Required action>
Extract exactly and only the lines from the one containing "A personalised poster" through the end of the entries below. Pictures should not appear in the copy.

Input data>
:::

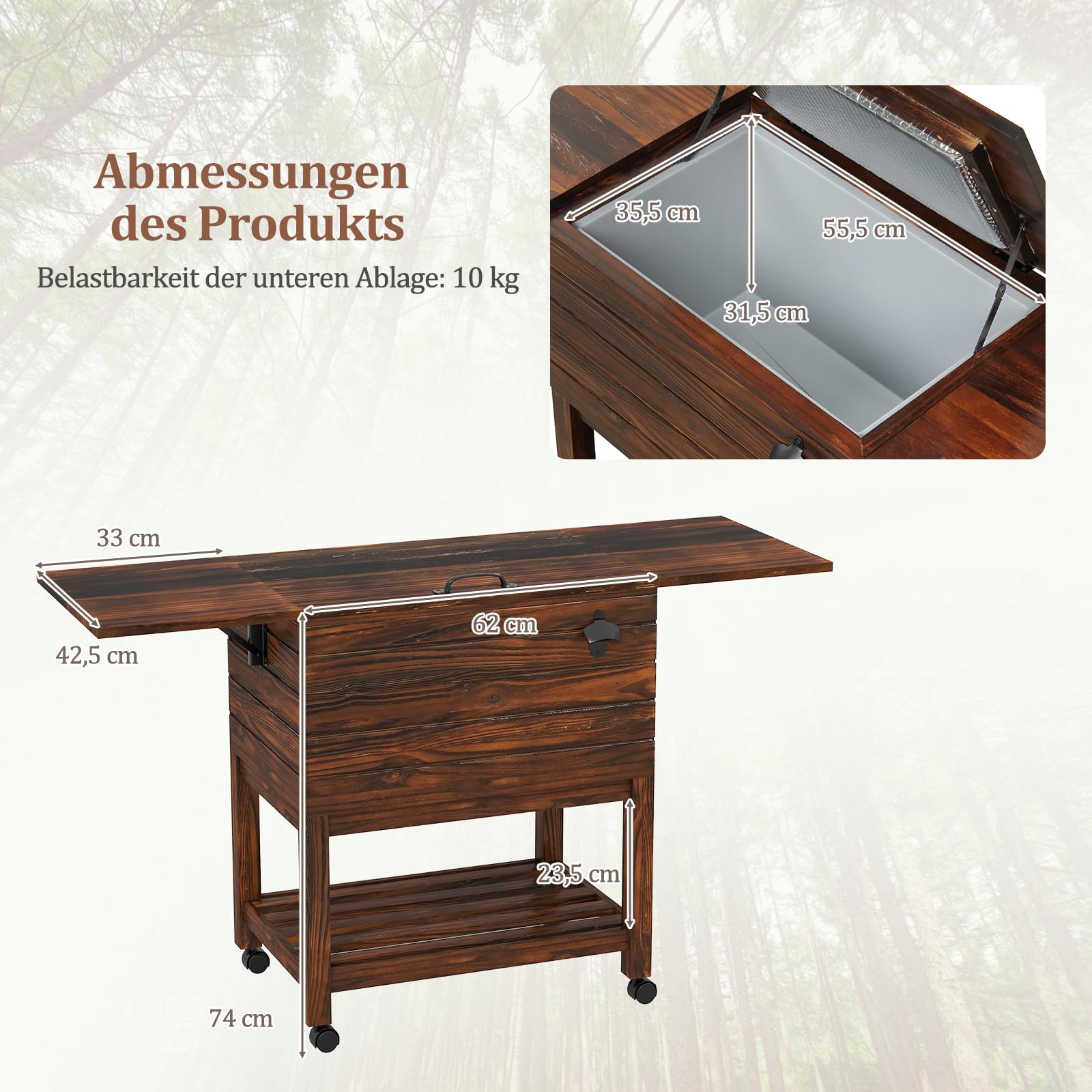 GYMAX 51L Kühlwagen, Servierwagen Kühlbox aus Holz mit 2 klappbaren Tischen, Flaschenöffner & abschließbare Rollen, Getränkekühler Outdoor für Poolbereich, Garten, Party
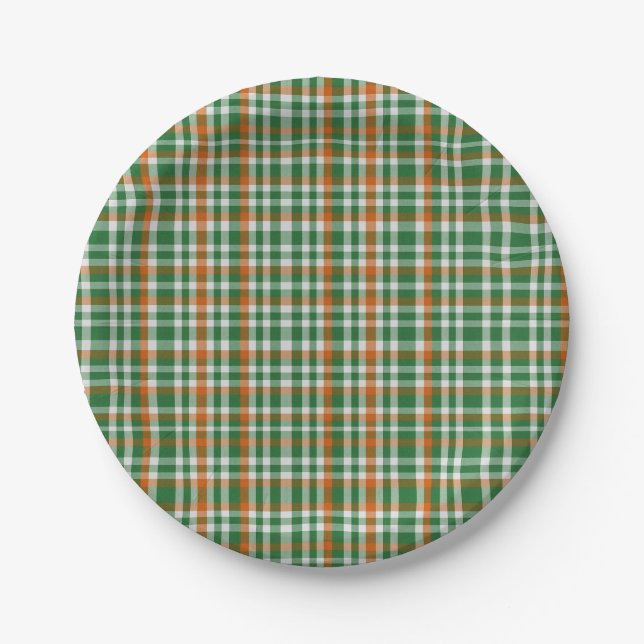 Saint Patrick's Day Irland Flaggenfarbener Gingham Pappteller (Vorderseite)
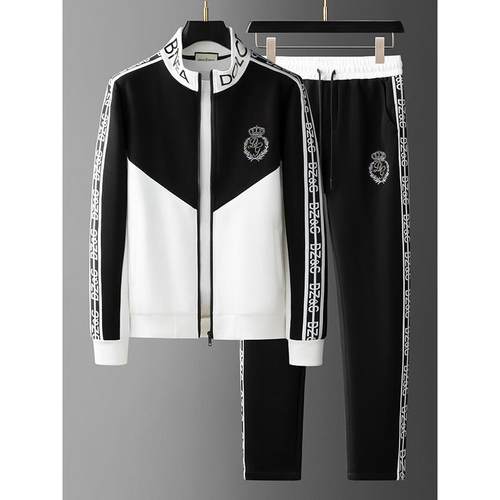 BellerLee 拼接运动套装男秋冬休闲时尚拼色立领开衫外套两件套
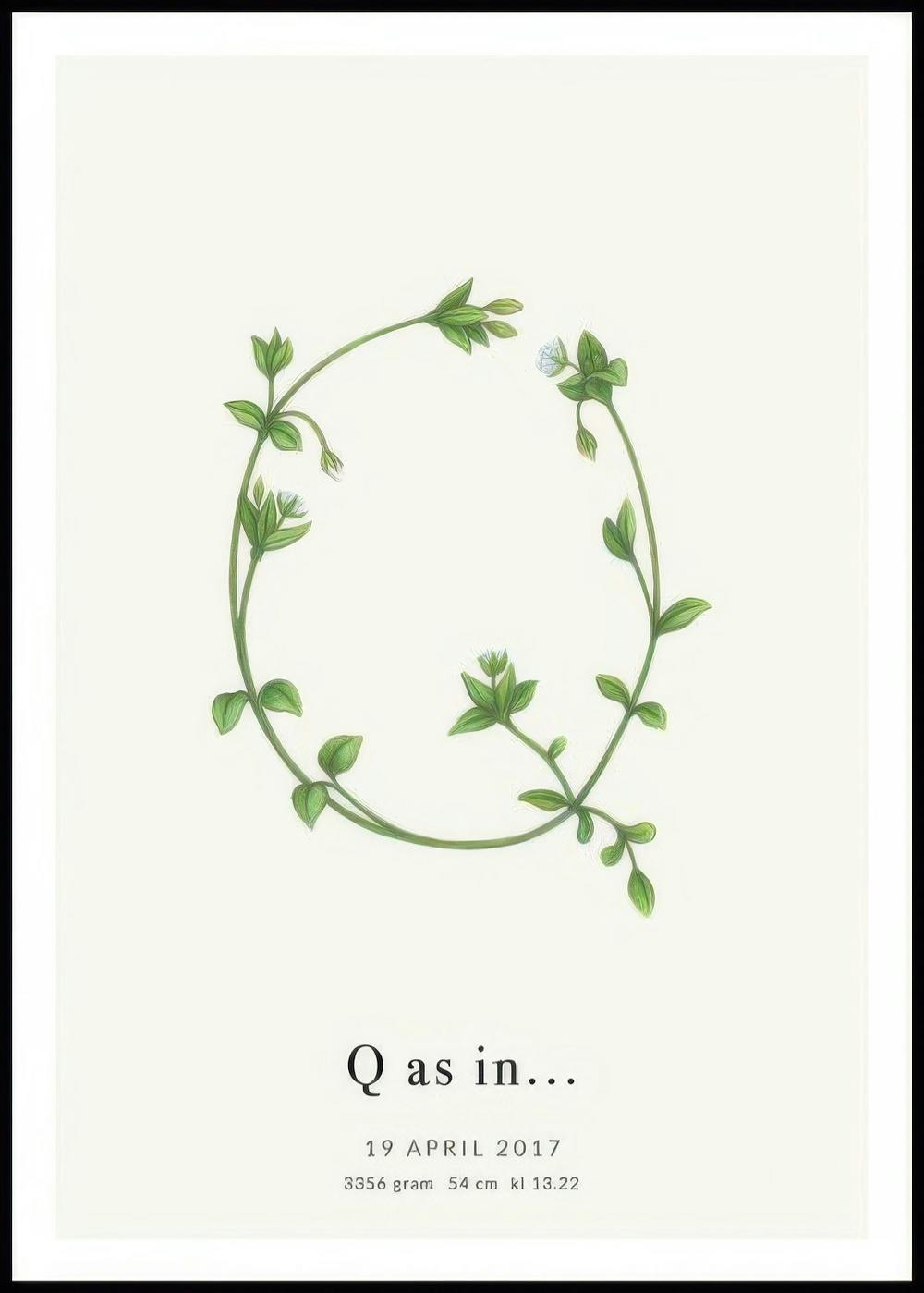 A personalised poster with a green leafy vine forming the letter Q, and customizable text below it.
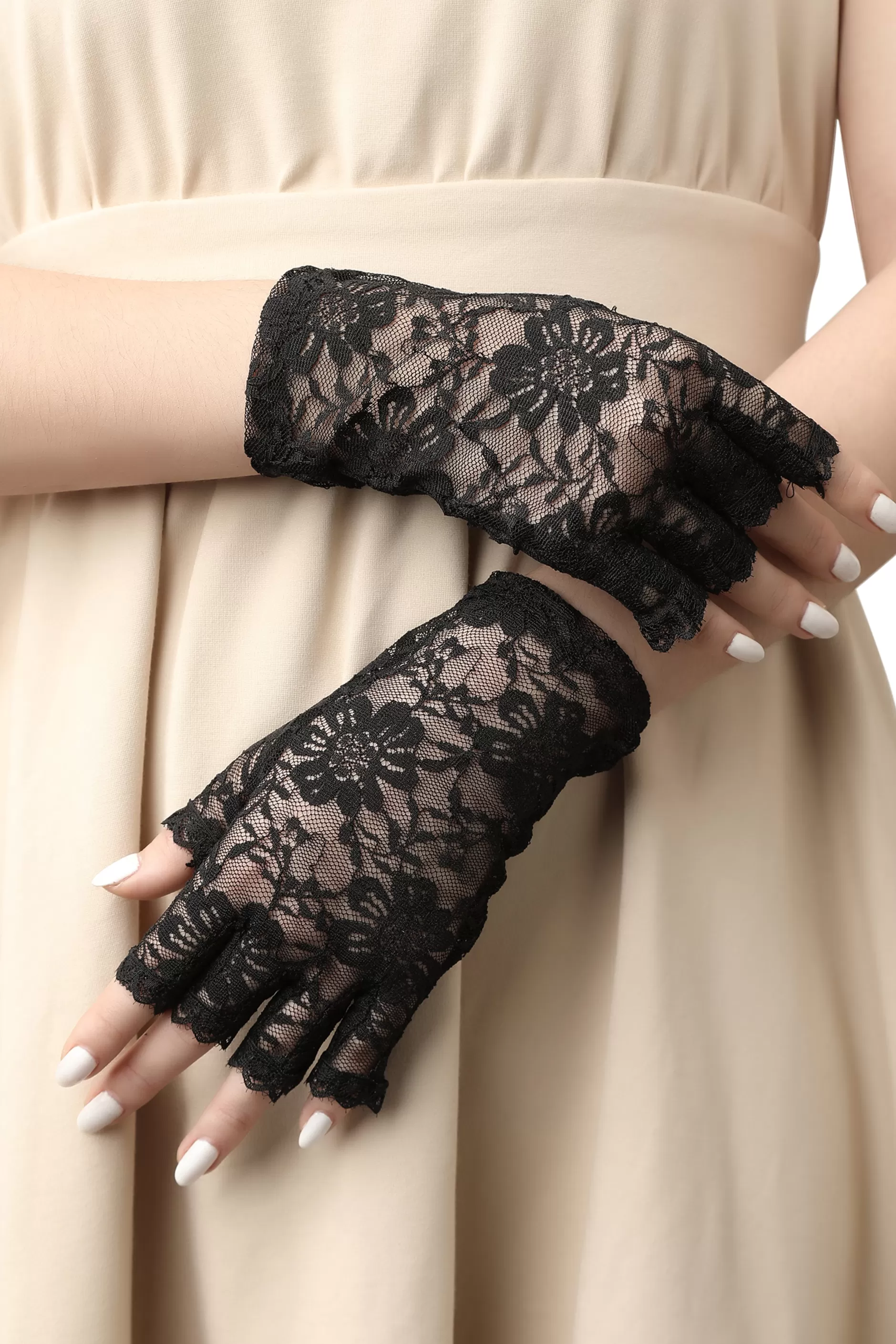 6.3 Vintage Lace Up Fingerless Gloves-BABEYOND Online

:::

Expected answer>
 A personalised poster with a green leafy vine forming the letter Q, and customizable text below it.
 6.3 Vintage Lace Up Fingerless Gloves-BABEYOND Online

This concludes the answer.